L’argument : Année 1564, alors que les Flandres subissent l’occupation brutale des Espagnols, Pieter Bruegel l’Ancien, achève son chef d’œuvre "Le Portement de la croix", où derrière la Passion du Christ, on peut lire la chronique tourmentée d’un pays en plein chaos.
Le film plonge littéralement le spectateur dans le tableau et suit le parcours d’une douzaine de personnages au temps des guerres de religions. Leurs histoires s’entrelacent dans de vastes paysages peuplés de villageois et de cavaliers rouges. Parmi eux Bruegel lui-même, son ami le collectionneur Nicholas Jonghelinck et la Vierge Marie.
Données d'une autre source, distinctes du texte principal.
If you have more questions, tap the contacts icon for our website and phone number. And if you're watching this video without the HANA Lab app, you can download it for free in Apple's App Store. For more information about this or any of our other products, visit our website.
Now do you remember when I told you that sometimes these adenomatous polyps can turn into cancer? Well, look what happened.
Notre avis : Même si on le connaît surtout pour avoir été le scénariste du biopic consacré au peintre néo-expressionniste Jean-Michel Basquiat, Lech Majewski est le réalisateur de onze films. Bruegel, le moulin et la croix est sans doute celui ayant connu la plus grande couverture médiatique. Ceci s’explique facilement : audacieux et fascinant pari que de construire un scénario à partir d’un tableau (Le Portement de croix, 1564) et ainsi donner vie aux différents personnages présents, tout en rendant un fervent hommage à son auteur : Pieter Brueghel l’Ancien, considéré comme l’une des quatre grandes figures de la peinture flamande.
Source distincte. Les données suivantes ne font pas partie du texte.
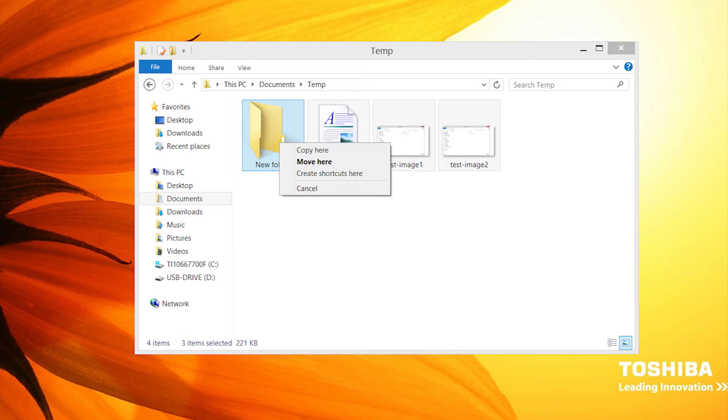The options displayed are Copy Here. This will copy the files to the new destination and also leave copies of the files in the source location.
L’auteur a la bonne idée de nous plonger littéralement dans le tableau, expérience d’autant plus enrichissante que visuellement, le spectacle est magnifique. L’amour de Majewski et du co-scénariste Michael Gibson (historien d’art de profession) pour le peintre de la Renaissance transpire à chaque scène, nous offrant quelques très belles séquences. La tâche n’était pas aisée, mais c’est aussi toute une époque qui prend vie devant nous. Une époque de pauvreté, mais surtout de douleur, à l’image de scènes d’une violence quasi-insoutenable lorsque les soldats espagnols agressent des villageois sans défense. On apprécie aussi de voir Bruegel incarné par l’excellent Rutger Hauer, devenu rare dans le cinéma autre que la série B, intervenir directement dans le récit. Il influence directement le cours de l’action et des évènements, en croisant des figures notables de l’époque, telles que le collectionneur d’art Nicholas Jonghelinck (Michael York, l’inoubliable acteur de Cabaret, un peu perdu de vue depuis quelques années) en tête.
Malgré ses qualités esthétiques et d’autres bonnes idées narratives, le film ne convainc pas pour autant. Majewski a beau maîtriser l’oeuvre du peintre et son temps, il semble moins à l’aise quand il s’agit de manier le langage cinématographique. Car si l’on excepte sa façon de filmer le moulin du titre, faisant de celui-ci une structure aussi belle que crépusculaire (certains plans sont saisissants), les enjeux narratifs manquent de portée et le rythme végétatif provoque des baisses constantes d’attention.
Le manque de liant entre les différentes scènes et l’impossibilité de Majewski à leur insuffler un quelconque souffle s’avèrent fatales, quand la quasi-absence de dialogues assoit un peu plus le mutisme d’une oeuvre figée dans l’ennui et la maladresse. Copier l’art pictural jusque dans le refus du mot nécessitait un talent contemplatif qu’on ne fait qu’entre-apercevoir, au grand désespoir d’une émotion qui ne surgit que rarement.
Bref, une faute de goût qu’on ne conseillera même pas aux amateurs de cinéma contemplatif qui trouveront des toiles bien plus évocatrices ailleurs.